**DATA FOR THIS TASK:**

━━━━━━━━━━━━━━━━━━━━

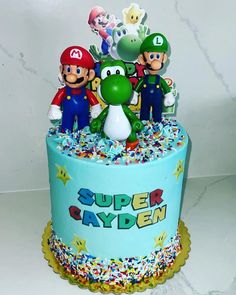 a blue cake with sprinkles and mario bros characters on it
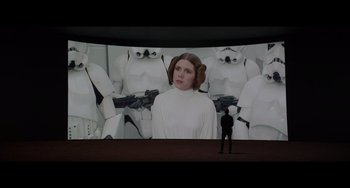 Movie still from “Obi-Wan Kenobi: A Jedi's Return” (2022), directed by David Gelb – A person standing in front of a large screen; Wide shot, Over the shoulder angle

━━━━━━━━━━━━━━━━━━━━

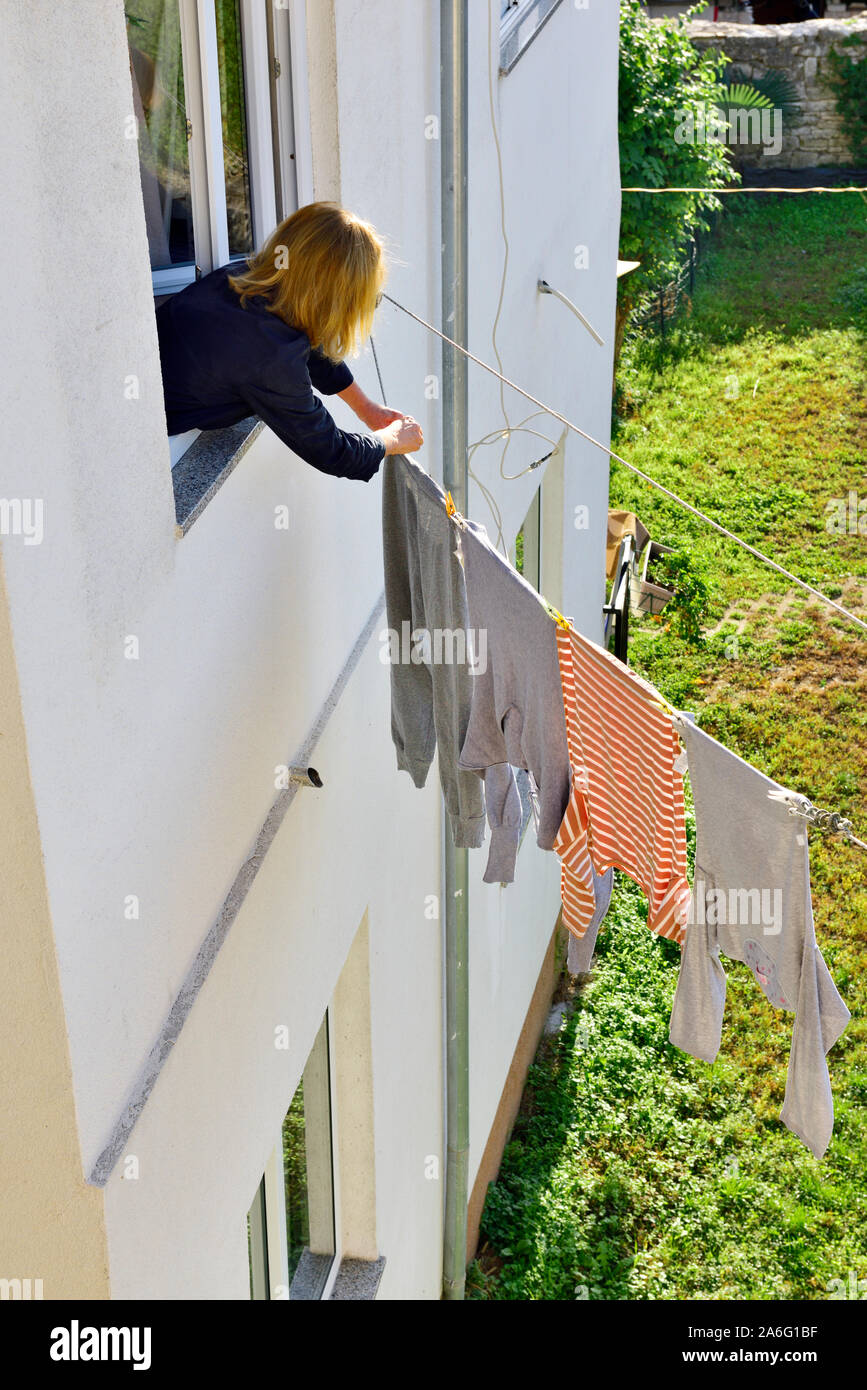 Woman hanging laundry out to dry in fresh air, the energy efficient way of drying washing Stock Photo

━━━━━━━━━━━━━━━━━━━━

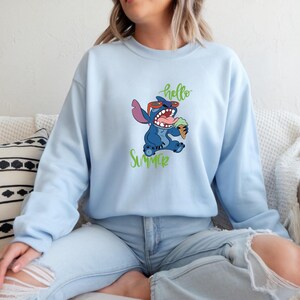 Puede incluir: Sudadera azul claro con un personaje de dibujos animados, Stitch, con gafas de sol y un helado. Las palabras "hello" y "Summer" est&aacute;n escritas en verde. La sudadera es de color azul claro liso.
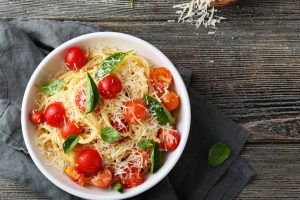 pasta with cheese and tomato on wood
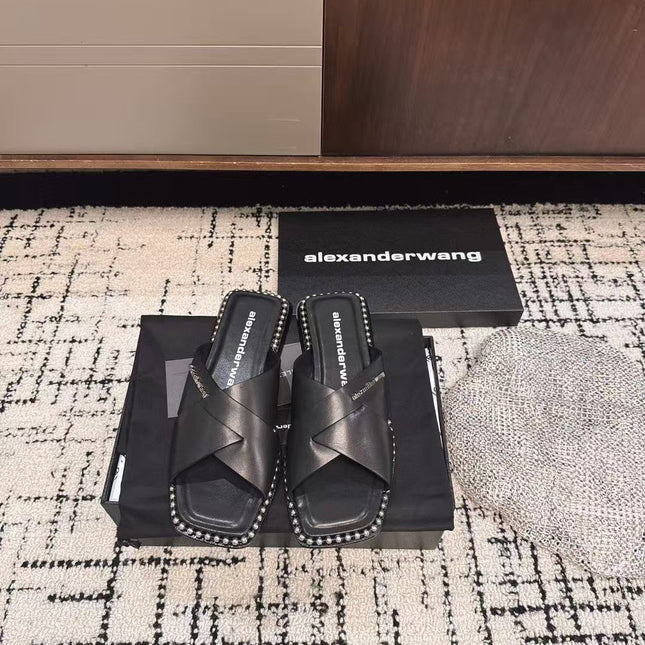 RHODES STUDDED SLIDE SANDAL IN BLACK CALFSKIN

━━━━━━━━━━━━━━━━━━━━

**PROBLEM:** Extract, without any images, the part of the material above that opens with the line containing "a blue cake" and closes with the line containing "Movie still from", both lines included.

**TASK RESULT:**
 a blue cake with sprinkles and mario bros characters on it
 Movie still from “Obi-Wan Kenobi: A Jedi's Return” (2022), directed by David Gelb – A person standing in front of a large screen; Wide shot, Over the shoulder angle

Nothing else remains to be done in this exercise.